A 5' UTR Language Model for Decoding Untranslated Regions of mRNA and Function Predictions

The 5’ untranslated region (5’UTR) is a regulatory region at the start of messenger RNA (mRNA) molecules, playing a crucial role in regulating the translation process and affecting protein expression levels. Language models have demonstrated effectiveness in decoding protein and genomic sequence functions. In this study, the authors introduce a language model for 5’UTRs, referred to as UTR-LM.

Research Background In fact, the 5’UTR plays an important role in regulating the translation process of mRNA, affecting mRNA stability, localization, and translation efficiency. Previous studies have explored the biological characteristics of 5’UTRs, including their secondary structures, potential interacting RNA-binding proteins, and the effects of 5’UTR mutations on gene expression. The complex functions of mRNA and their potential impact on human health highlight the need to develop more generally applicable computational methods. Research Workflow

Research Source This research was a collaborative effort between Professor Mengdi Wang’s group from the Department of Electrical and Computer Engineering at Princeton University, Professor Le Cong’s laboratory from the Department of Pathology at Stanford University, RVAC Medicines, and ZipCode Bio. The paper was published in the April 2024 issue of Nature Machine Intelligence.

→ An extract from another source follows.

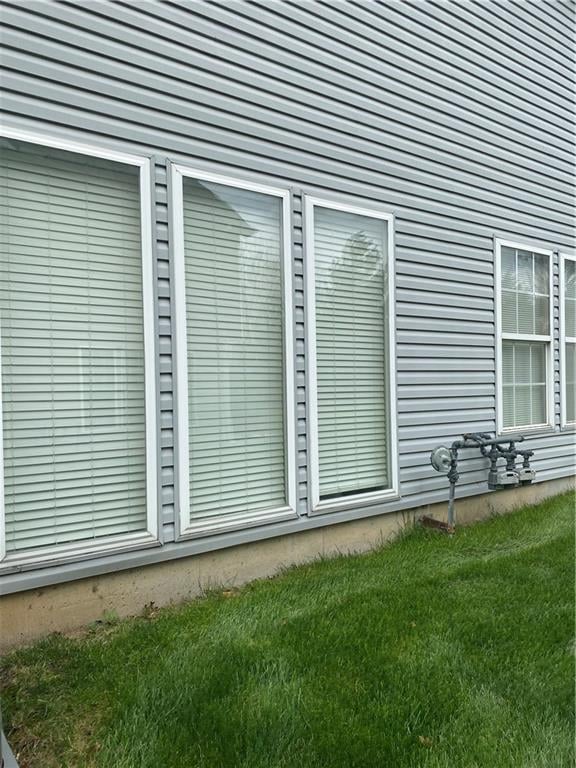 8151 Lawn Ave, Kansas City, MO 64119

Research Workflow and Methods (a) Research workflow: The research adopted the following workflow: 1) Collect and preprocess endogenous 5’UTR sequences from multiple species, 5’UTR sequences from synthetic libraries, and endogenous human 5’UTR data; 2) Develop a Transformer-based language model, UTR-LM, and perform self-supervised pretraining on the aforementioned data, including masked nucleotide reconstruction, secondary structure prediction, and minimum free energy prediction tasks; 3) Fine-tune UTR-LM on downstream tasks, such as mean ribosome loading (MRL) prediction, mRNA translation efficiency (TE) prediction, mRNA expression level (EL) prediction, and identification of unannotated internal ribosome entry sites (IRESs); 4) Design and synthesize a library of 211 5’UTR sequences with high predicted TE, and experimentally validate the performance of these sequences through wet experiments (mRNA transfection and luciferase assays); 5) Analyze the attention scores of the language model, revealing known genomic motif patterns and potential new motifs.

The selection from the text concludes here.